Taking on the title role as William “Will” Shakespeare, Nicholas Carriere gives an admirable performance and seems to understand his character quite well but there was something in the way his over-the-top gestures and facial expressions seem to cheapen the role. It’s clear he knows what the character is all about and his gestures are purposeful… just a little to big, making the performance look campy, at times. It could very well be a directorial choice, because in the dramatic scenes Carriere is on point and believable. His and Emily Trasks chemistry is a slow burn, is convincing and has the audience drawn into their relationship by the end of the story. Overall, his performance is strong and he has a great command of the stage.
Emily Trask takes on the role of Viola de Lesseps, the heroine of the piece and the forward thinker. Lady de Lesseps wants to be an actress when women on the stage was unheard of and even considered lewd. Trask takes this role, makes it her own, and runs with it. The character of Viola is complex but Trask has a good grasp on her and the problems she faces. Her delivery of the text is impeccable and she gives a natural, commanding performance.

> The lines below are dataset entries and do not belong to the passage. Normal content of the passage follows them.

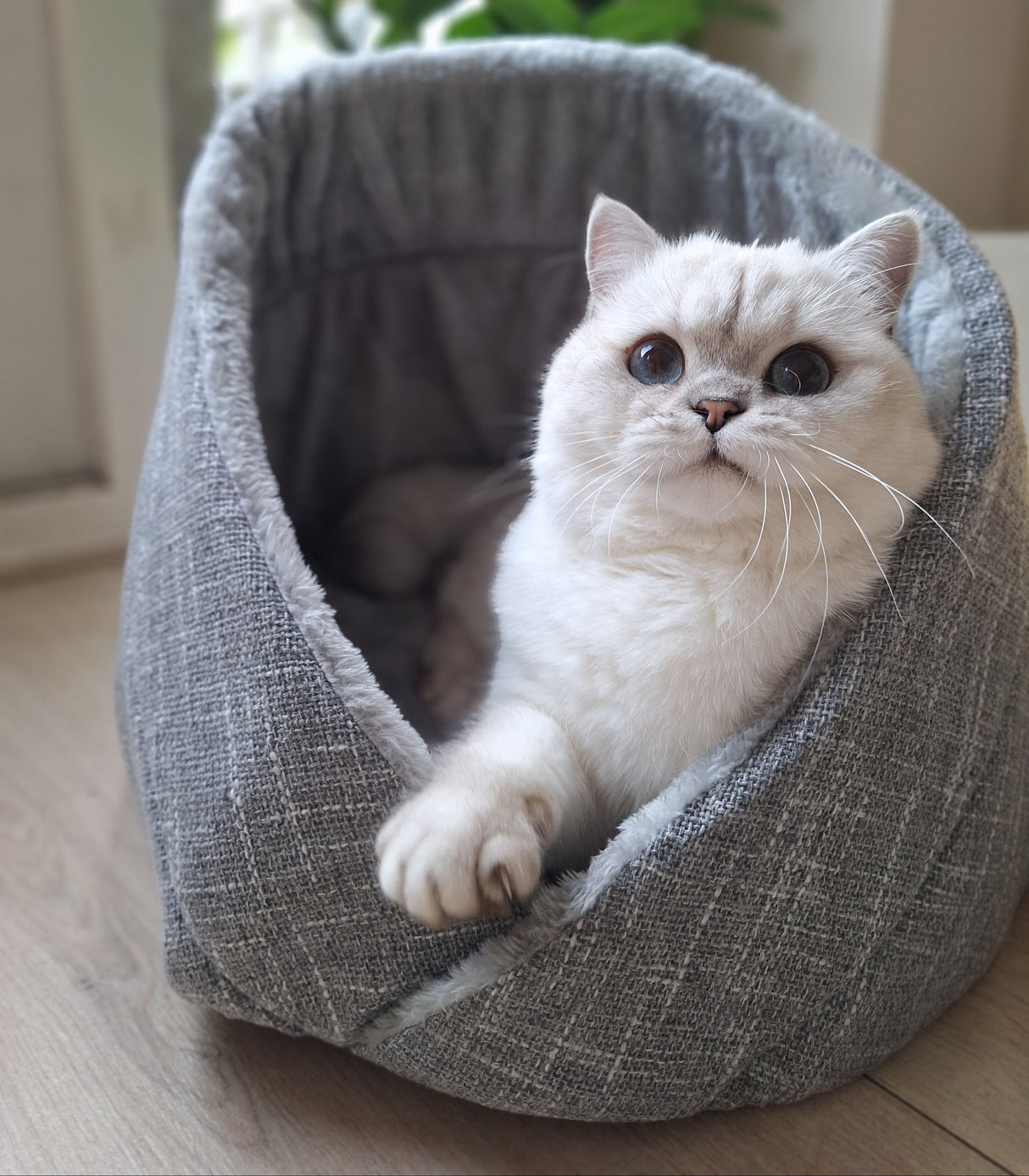 Momo kattenbed - kattenmand - SpirePets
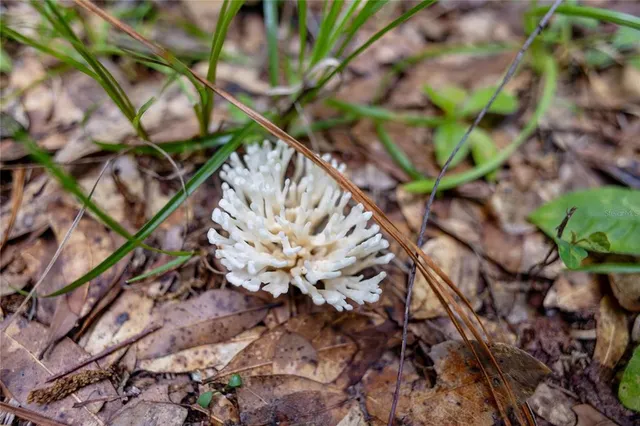 $585,000 | 8530 Northeast 160th Avenue, Williston, FL 32696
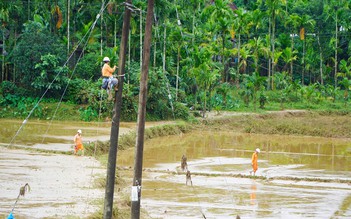 PC Quảng Ngãi nỗ lực khắc phục lưới điện sau lũ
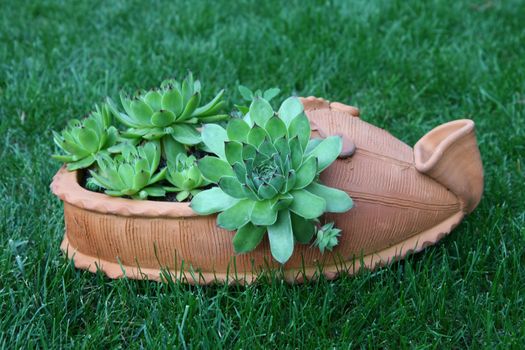 Pinwheel in flowerpot of the shape of traditional serbian footwear 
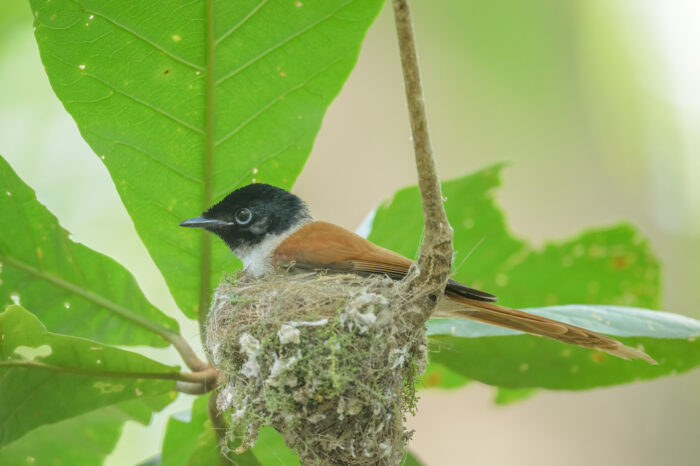 Seychelles Paradise Flycatcher (Terpsiphone corvina)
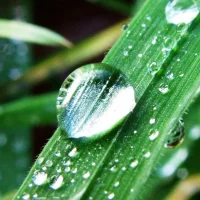 МБДОУ № 23 г. Пензы "Росиночка"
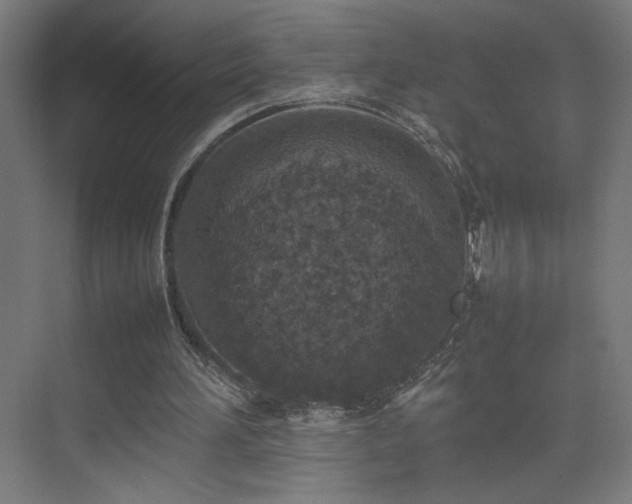 X0000074970196200609011224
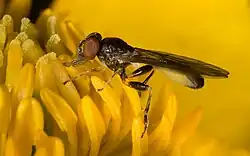 Sphegina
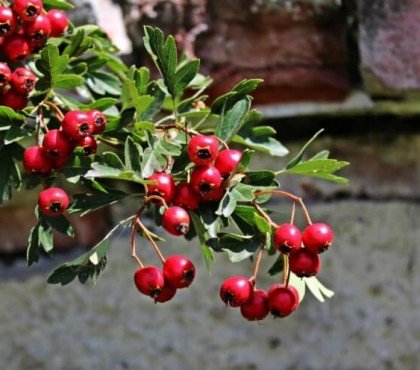 arbuste decoratif a baies rouges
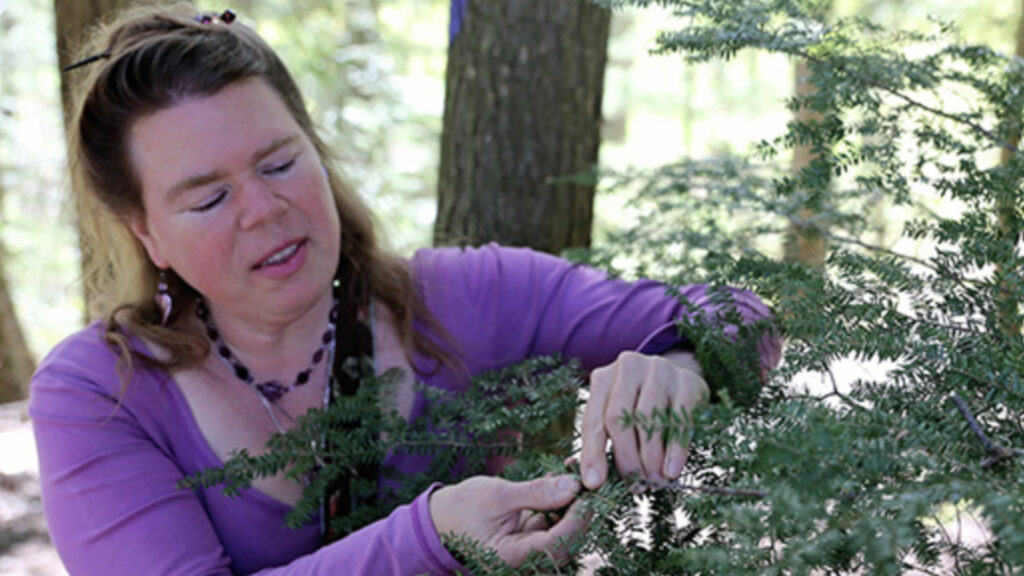 Arianna Collins, wild edibles enthusiast, shows the shape of hemlock needles. Press photo courtesy of the Clark Art Institute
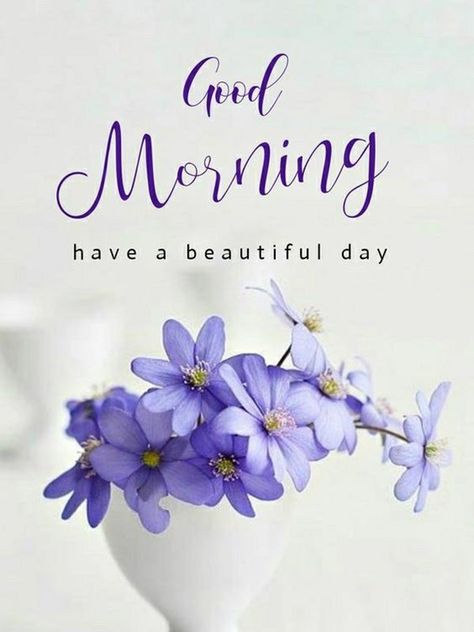 Good Morning Saturday Images with Beautiful Quotes 8 Good Morning Saturday Images, Nice Good Morning Images, Saturday Images, Good Morning Greeting Cards, Beautiful Good Morning, Good Morning Saturday, Good Morning Happy Sunday, Good Morning Flowers Quotes, Good Morning Flowers Pictures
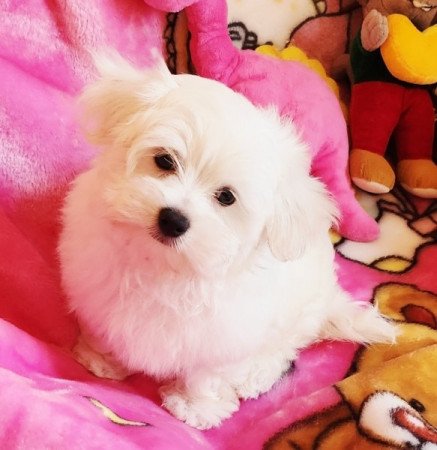 Bichon Havanese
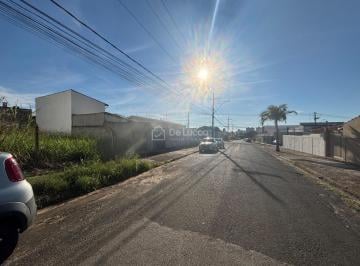 0 · terreno à venda em Nova Campinas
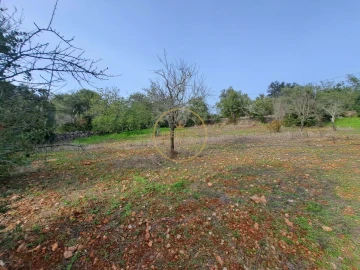 Terreno para Venda em Loule (São Clemente)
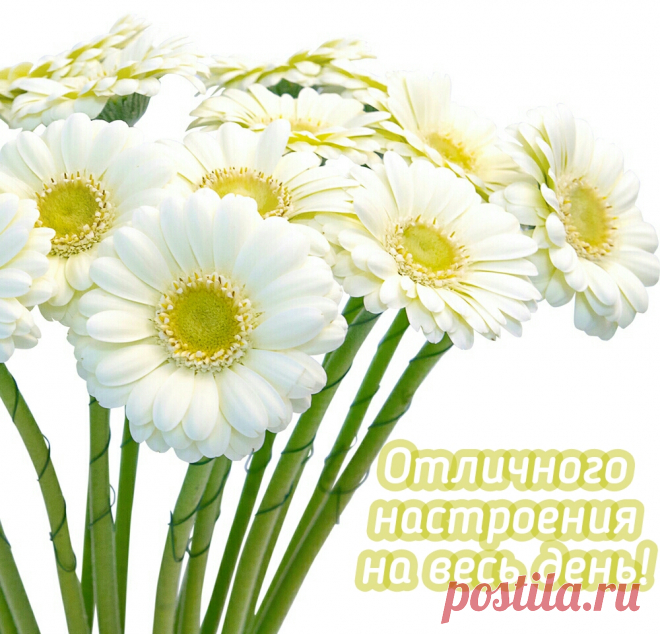ОТЛИЧНОГО НАСТРОЕНИЯ!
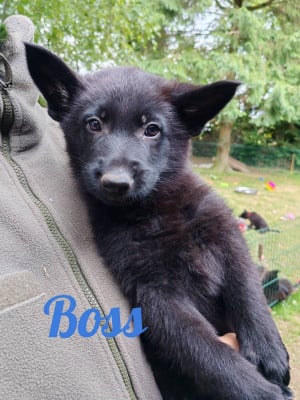 Les chiots de Berger Allemand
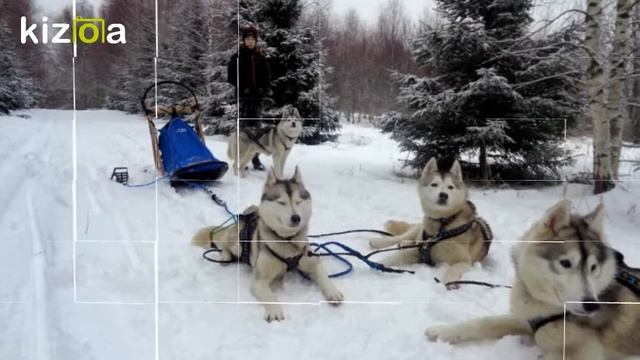 Сибирские хаски )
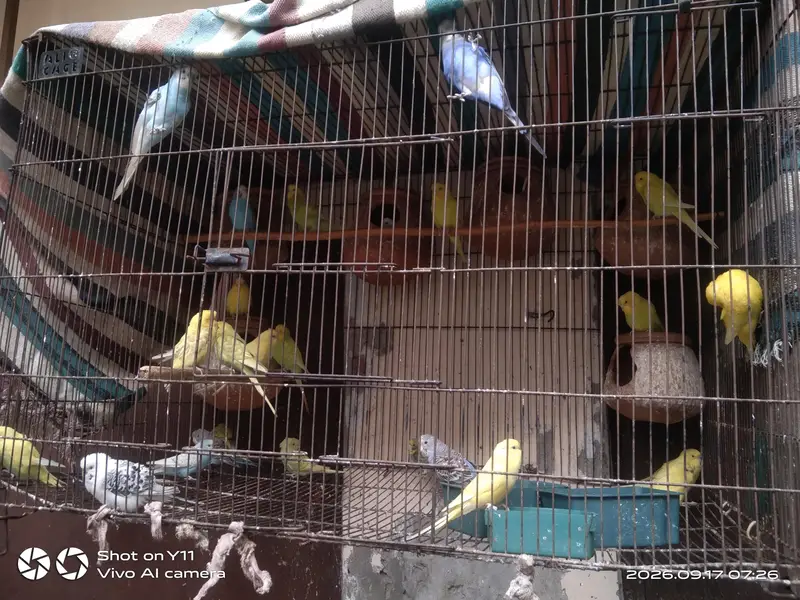 Budgie parrot — photo 2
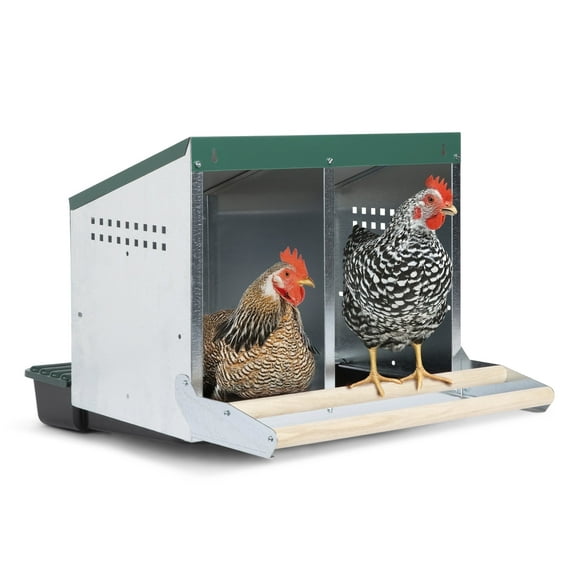 Homestead Essentials 2 Compartment Reverse Rollout/Rollaway Chicken Nesting Box with Integrated Wood Perches and Protective Egg Laying Collection Lids (10 Hens)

Final thought…Shakespeare in Love is a lighthearted, but moving piece that is a fictional story around the writing of one of William Shakespeare’s most famous works, Romeo & Juliet, that blends make believe and history seamlessly and with thoughtfulness. Being based on a popular and well-received film (and one of my absolute favorites), I was worried about how it would transfer to the stage, but, ultimately, the script stays true and the Great Bard’s reputation is still intact. The performances are spot on and each actor makes their roles their own, not being a carbon copy of the film. Whether it be script or directional choices, it seems this piece doesn’t know if it wants to be a comedy or a drama with jarring switches from one to the other. Also, a few of the performances were a bit over the top, at times, but overall, fans of the film and those unfamiliar with the story will be delighted with this production and it’s not one you want to miss this season.